Exercise prompt :: Give back the data exactly, with no images.

Dataset extract ::
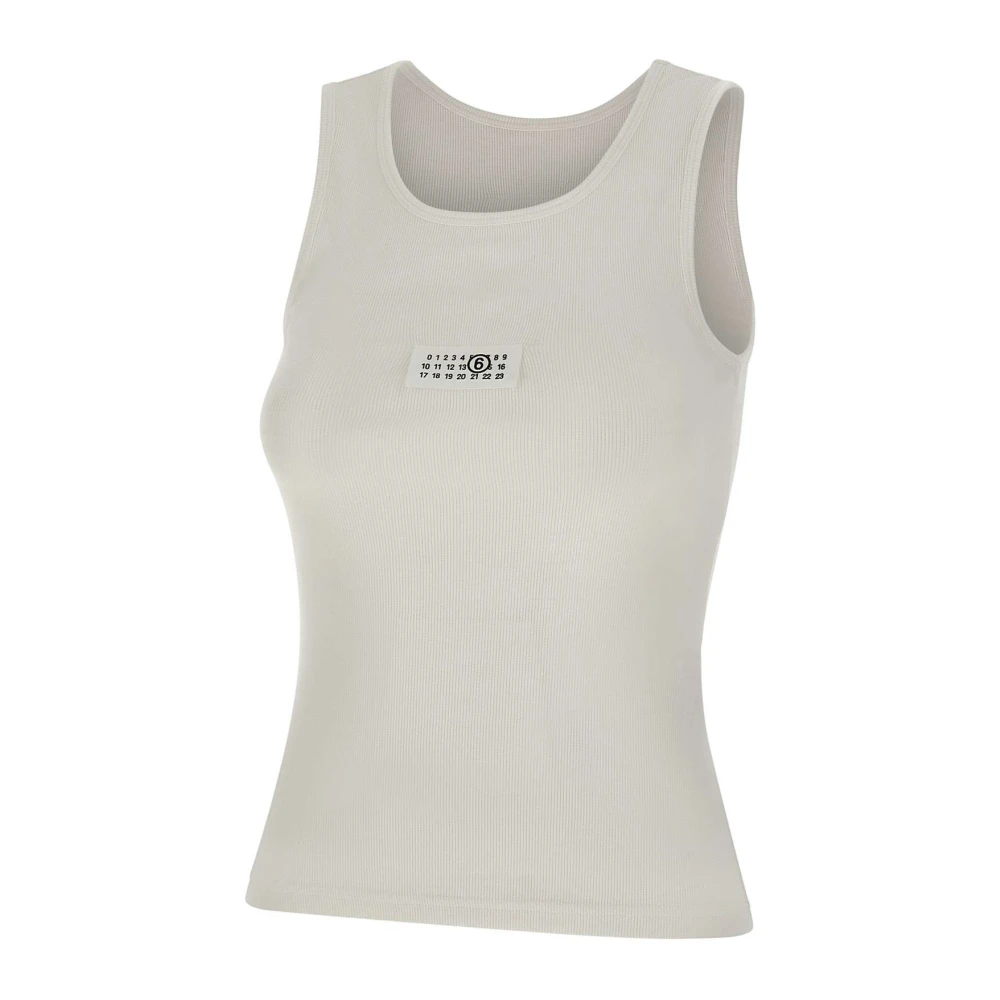 Mm6 Maison Margiela Mujer Blanco - Camiseta De Tirantes De Punto De Canalé - Tops - L - Camiseta De Tirantes De Punto De Canalé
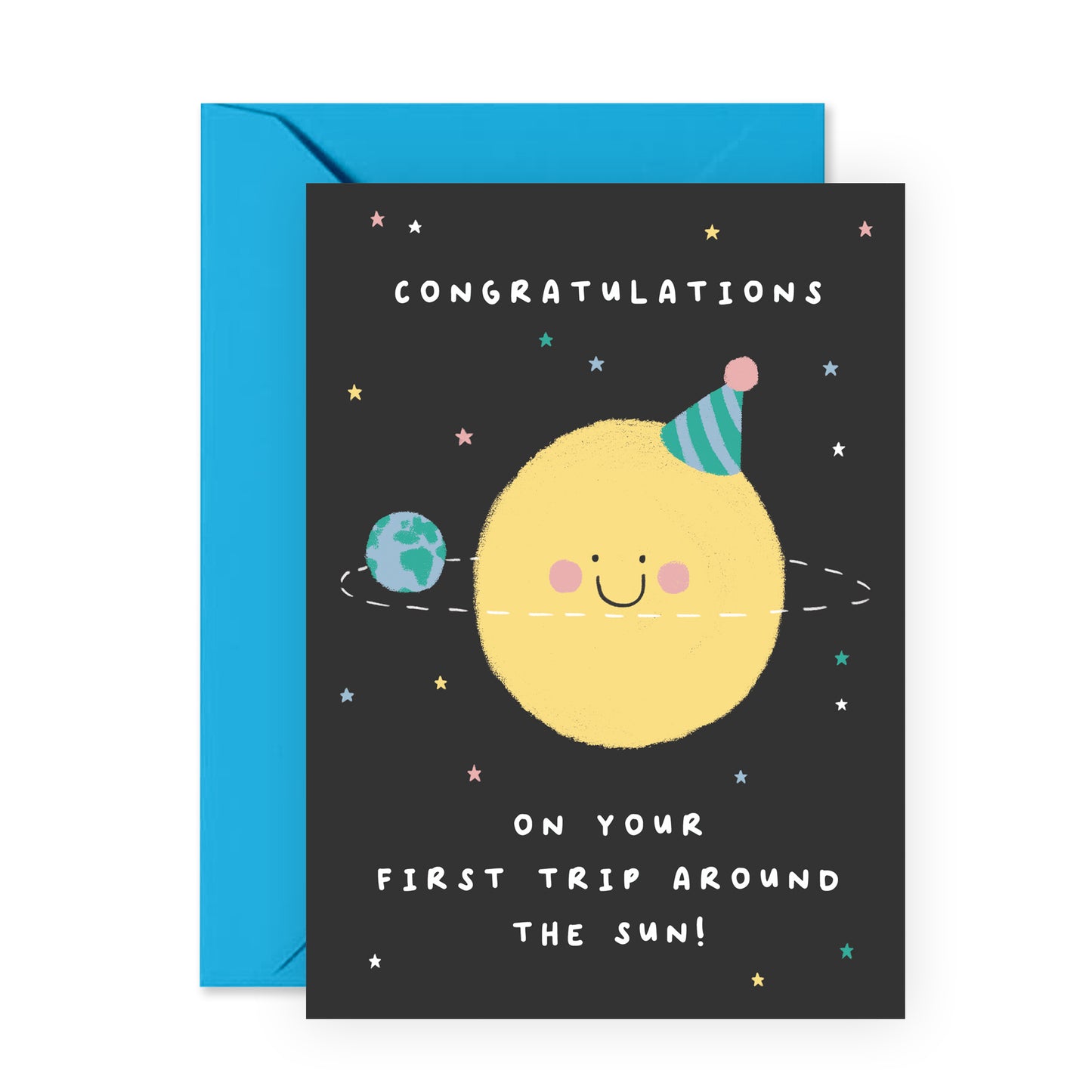 1st Birthday Card - First Trip Around The Sun - For Boys Girls Kids Him Her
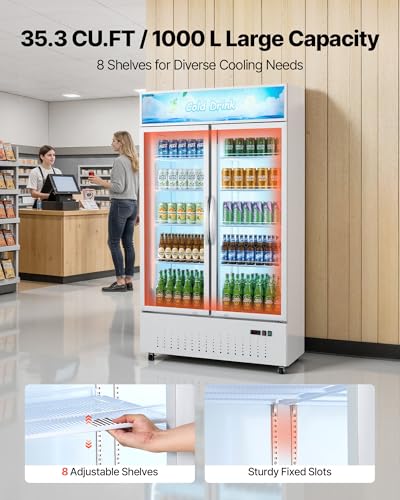 Image of VEVOR Commercial Merchandiser Refrigerator, 35.3 Cu.Ft / 1000L Upright Beverage Cooler, 2 Glass Door Display Refrigerator with Customizable Lightbox, 8 Adjustable Shelves, Soft LED Lighting & Casters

Answer to this problem ::
 Mm6 Maison Margiela Mujer Blanco - Camiseta De Tirantes De Punto De Canalé - Tops - L - Camiseta De Tirantes De Punto De Canalé
 1st Birthday Card - First Trip Around The Sun - For Boys Girls Kids Him Her
 Image of VEVOR Commercial Merchandiser Refrigerator, 35.3 Cu.Ft / 1000L Upright Beverage Cooler, 2 Glass Door Display Refrigerator with Customizable Lightbox, 8 Adjustable Shelves, Soft LED Lighting & Casters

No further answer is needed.